### WORK ORDER
Everything in the data except the pictures belongs in your answer, copied exactly.

### THE DATA
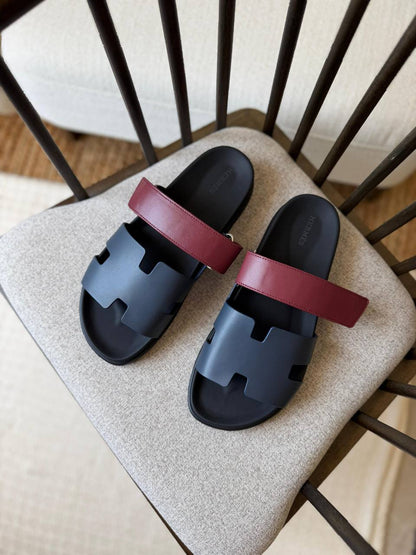 HERMES SLIPPER
*AAA QUALITY*
*size: 40 to 47*
450 dhs✅

Zain185
♥️♥️♥️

### EXPECTED ANSWER
 HERMES SLIPPER
*AAA QUALITY*
*size: 40 to 47*
450 dhs✅

Zain185
♥️♥️♥️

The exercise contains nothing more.